Schlag auf Schlag: Zwei Tage nach einem denkwürdigen Spitzenspiel zwischen Salzburg und Linz geht am Dienstagabend der zweite saisonale Akt des stets brisanten Duells zwischen Villach und Klagenfurt in Szene. Für das intensive anstehende Programm – an acht der kommenden 13 Tage bis zur Länderspielpause wird EBEL-Eishockey gespielt – hat sich der KAC gleich doppelt verstärkt, Martin Schumnig zurück- und Andreas Nödl an Bord geholt. Während beim Kärntner Derby volle Ränge garantiert sind, bereiten die Zuschauerzahlen in der Liga insgesamt eher Sorgen. Nicht so in Linz und Székesfehérvár, wo die Hallenauslastung jenseits der 90 Prozent-Marke liegt und auch eine ähnliche Eishockeyphilosophie verfolgt wird. All das Themen im Backcheck dieser Woche.

Rotjacken rüsten nach

Zwar lichteten sich die Reihen im Lazarett des Meisters zuletzt maßgeblich, dennoch wurde Klagenfurt am Transfermarkt aktiv. Nach missglückten Probetrainings bei Lausanne und Kloten versucht Ex-NHL-Crack Andreas Nödl (195 Spiele für Philadelphia und Carolina) nun am Wörthersee, seine nach einem Kreuzbandriss im März verlorene Form wiederzufinden. Angesichts der noch immer angespannten Personalsituation beim KAC auf der einen und Nödls großem Bedarf an Spielpraxis auf der anderen Seite gereicht der vorerst bis zum 3.November laufende Kurzzeitvertrag beiden Parteien zum Vorteil.

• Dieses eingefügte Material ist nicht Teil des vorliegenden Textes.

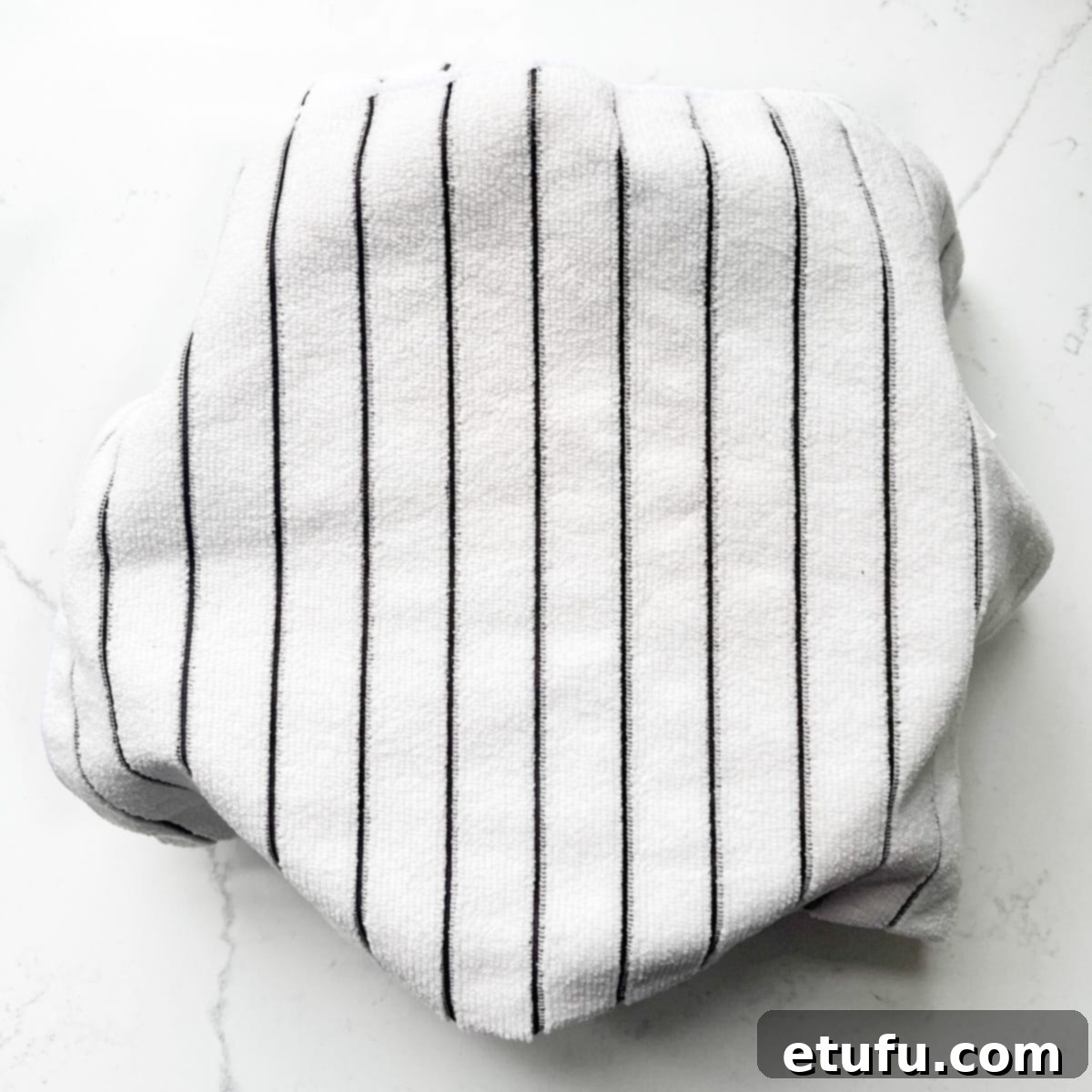 A bowl of rice for the sushi salad covered with a white kitchen towel.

Bereits am Freitag fixierte der Rekordmeister die Rückkehr von Verteidiger Martin Schumnig, dessen nicht gänzlich durchdacht wirkendes Nordamerika-Abenteuer nur wenige Wochen dauerte und ohne Pflichtspieleinsatz in der (drittklassigen) ECHL zu Ende ging. Der 24jährige Eigenbauspieler wird ebenso wie Andreas Nödl am Dienstag im Derby gegen Villach sein Saisondebüt im KAC-Trikot geben. Zeit zur gemächlichen Akklimatisierung bleibt den beiden nicht, denn die kommenden Wochen werden in Klagenfurt vom beinharten internen Konkurrenzkampf geprägt sein: Nicht weniger als 23 das Punktekonto belastende Spieler stehen aktuell unter Vertrag, bis zum Ende der ligaweiten Try-Out-Phase Mitte November muss der Kader maßgeblich gestrafft werden.

Adler warten noch ab

Lokalrivale VSV, der im 301. direkten Duell am Dienstag Heimrecht genießt, hat sich im bisherigen Saisonverlauf am Transfermarkt zurückgehalten, obwohl die Imports Hotham, Forney, Jarrett und Pretnar zusammengerechnet bereits 24 Ligaspiele verpasst haben. Allerdings ist es kein Geheimnis, dass Villach je nach Marktlage bis spätestens zur Olympia-Pause noch einen Verteidiger verpflichten möchte. Unter Zeitdruck steht man dabei nicht, der zum Defender umgeschulte Nico Brunner hat sich prächtig entwickelt und reift mit zunehmender Eiszeit zur ernsthaften Alternative in der Hintermannschaft heran.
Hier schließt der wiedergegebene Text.